What habitat for his domestic chinchilla?

A chinchilla must have its cage, which must be placed in a temperate room of your house, without direct sunlight. Prefer metal cages to vertical bars to prevent your chinchilla from getting hurt. In addition, its closure must be effective because if its locking system has no more secrets for your chinchilla, it will succeed in opening its cage very easily. Also avoid all wooden cages and accessories, some of which, such as plywood, oak, or fir, are toxic to chinchillas. The animal must have a cage high enough to be able to jump and climb its favorite activities. Remember to have accessories on several levels in his cage to allow him to climb.
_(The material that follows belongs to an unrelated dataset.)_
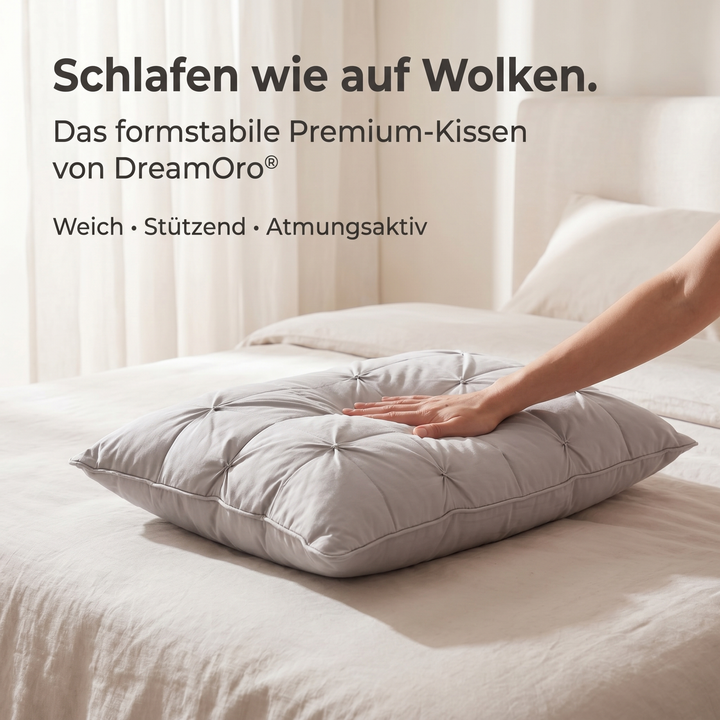 Frau schläft entspannt auf dem SoftCloud Kissen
What to feed your chinchilla?

The main food of the domestic chinchilla is hay. It allows him to facilitate his intestinal transit and to wear down his teeth. Hay should be coarse, first cut, and dry. Avoid hay containing pesticides and chemical fertilizers that are very harmful to the health of the chinchilla. You will find suitable hay in pet stores or equestrian centers. A single handful per day, preferably in the morning, is sufficient. You can also opt for special chinchilla pellets with mixed seeds (1 tablespoon per day).

Chinchilla health: what you need to know

The chinchilla is a fairly robust animal but certain symptoms should alert you to its state of health:

  • hair loss: to be distinguished from a normal loss in reaction to stress (defense characteristic of the chinchilla), the loss of hair in patches can be due to a serious deficiency in food.
  • fungal infections: they cause hair loss around the muzzle, eyes, behind the ears, at the end of the front legs, and around the genitals. These fungal infections must be treated carefully, especially as they can infect humans.
  • fur-chewing: the chinchilla gnaws part of its fur and causes patches all over its body. It is a behavioral disorder due to nutritional deficiencies, fatigue, stress, a change in habits, noise, humidity, or poor hygiene.
A lively animal, the chinchilla is also often subject to fractures. But it is the digestive problems that affect him the most. Diarrhea, constipation, infectious enteritis caused by stress, a change in its environment, or a disturbed diet, are the primary causes of chinchilla mortality.

Reproduction of the domestic chinchilla

Reproduction of the domestic chinchilla is very difficult for an individual. Having a male and a female in the same cage causes major health problems for chinchillas. The female must not indeed have more than 2 liters per year so as not to weaken her. However, separating a couple of chinchillas is a source of great stress with all the consequences on their health that this can have. In any case, to reproduce, a chinchilla must be at least 1 year old and weigh more than 550g. The chinchilla's gestation is 111 days. The number of young per litter is not high, 1 to 3 at most.

Specific problems affect chinchilla reproduction:

  • abortions or mummified fetuses: the first are due to a state of stress of the chinchilla and the second to its poor state of health.
  • difficult births: if they are rare, they can lead to the death of the chinchilla.
  • those related to consanguinity: reproduction between chinchillas brothers, sisters, parents-children, is not recommended because it can lead to the birth of malformed babies and serious difficulties for the female during birth.